For this example, we will take a very simple use case. Let’s say we have a biometric attendance system installed at our premise, the biometric system generates a CSV file each day and then updates all the In/Out in that file. We are building an internal Alexa skill to which we can ask business queries and we would like to include the attendance data in that as well. A simple question like this:

Alexa… how many members are available today?

To access the CSV data via the Alexa skill, our simple option would be to transfer the CSV files to S3 and access it from there directly. Two main steps in this part are:

  • Migrate the CSV to S3 periodically
  • Load the CSV files to Lambda, read and fetch the required data

Migrate CSV files to S3

We will use the s3 sync command to transfer files from the local machine to the S3. Sync will make it easier to upload the newly created files to the local folder without writing any specific code or script.

Read CSV files

Once the CSV files are uploaded to S3, we can easily access them from the Lambda. However, to read the CSV file in the Lambda we will need to download the file to the Lambda and then parse it to get the required data. The other option is to use the Amazon Athena, which is a serverless query service to query the data stored in S3 using Standard SQL.

What is Amazon Athena

AWS Athena is an excellent addition to the AWS BigData stack. It allows you to query the files stored in S3 directly without pre-loading them in any database. To some extent, this is similar to Google’s BigQuery with Federated tables. Some of the key points related to Athena:

  • All the tables in Athena are EXTERNAL only
  • Athena uses Apache Hive to define databases, tables and uses the Presto for Standard SQL queries
  • When we run an Athena query, it uses the schema-on-read approach, which means the schema is projected onto the data source of the table
  • Athena DOES NOT modify your data stored in S3, it is only used to query those data
  • For better performance use the Partition or may switch over to Columnar file format, whichever is best suitable for your use case

Athena Pricing

With Amazon Athena, you only pay for the queries that you run. You are charged based on the amount of data scanned by each query. You can get significant cost savings and performance gains by compressing, partitioning, or converting your data to a columnar format because each of those operations reduces the amount of data that Athena needs to scan to execute a query. So with that, the query pricing is currently set to this:

$5.00 per TB of data scanned

Configuring Athena for Query

Configuring the Athena is pretty simple. Create a database and a table which can match the schema format of the CSV file and point the table to the S3 folder which hosts all the files. Once we do this, we are ready to fire the SQL queries directly on the files.

Creating a database in Athena

Now we will create a table which matches our CSV file format.

Creating a table from S3 bucket data
Selecting the S3 Bucket as a data source
Use the bulk option to add all the columns together

Once completed, our table is ready and we can start querying now.

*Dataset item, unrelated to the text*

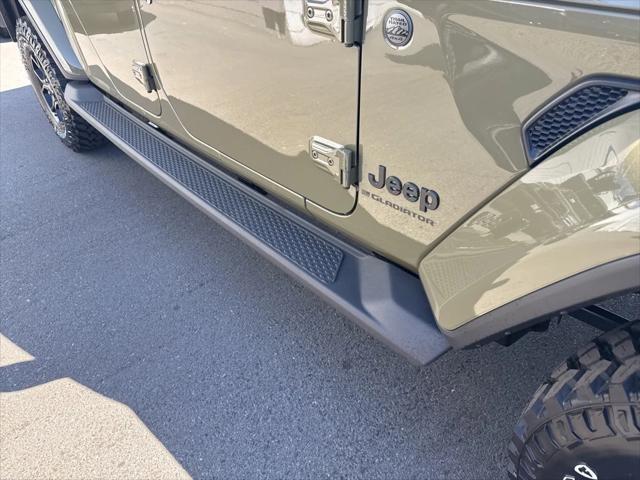 new 2025 Jeep Gladiator car, priced at $52,695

A simple SELECT query to fetch records

By this time, we have set up our data store in S3, created a virtual database and a table pointing to the S3 bucket and can query the data as well. Both S3 and Athena are managed-services and serverless so we will pay only for what we use and not otherwise.

Integrate with Lambda

We will be using the athena-express npm library in our sample code. We can use the aws-sdk npm package as well but that would require to fire some boilerplate code which we can avoid using this library.

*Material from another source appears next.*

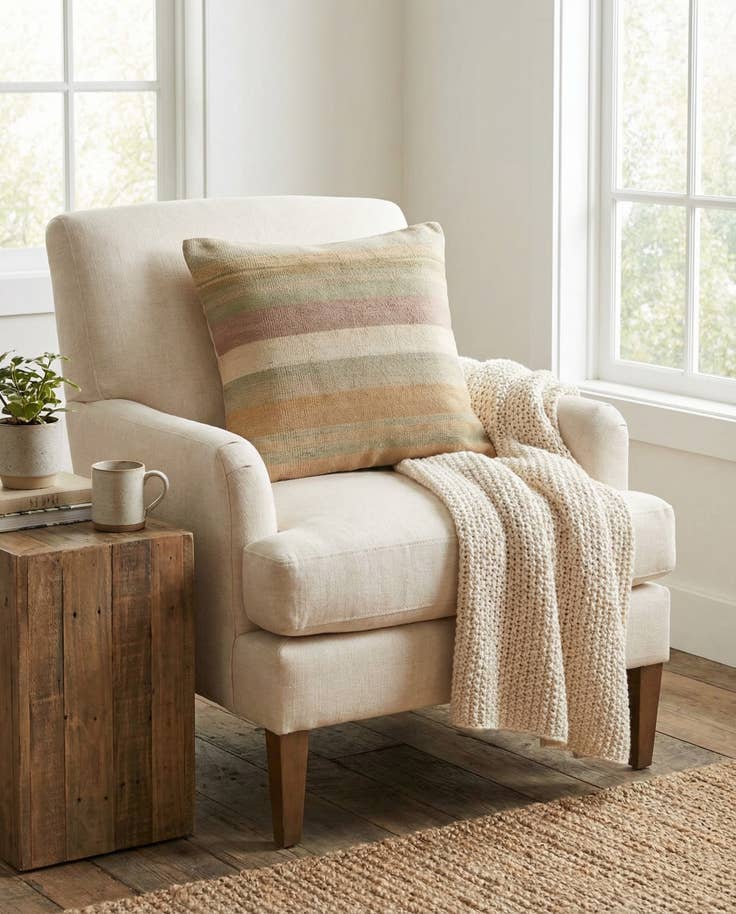 Detail image of 2' 4 x 2' 5 Hand Woven Pillow Wool Square Rug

For the code to run properly we will need a couple of IAM permissions like athena:* and Glue:GetTable

Conclusion

Although Athena may not be suitable in all the cases and not all the cases will be this simple (partition and columnar format are most likely needed to reduce the query overhead and compressed data to reduce the size). But this still gives a very good platform to analyze data stored right inside the S3 without pre-loading them anywhere and manage those additional resources.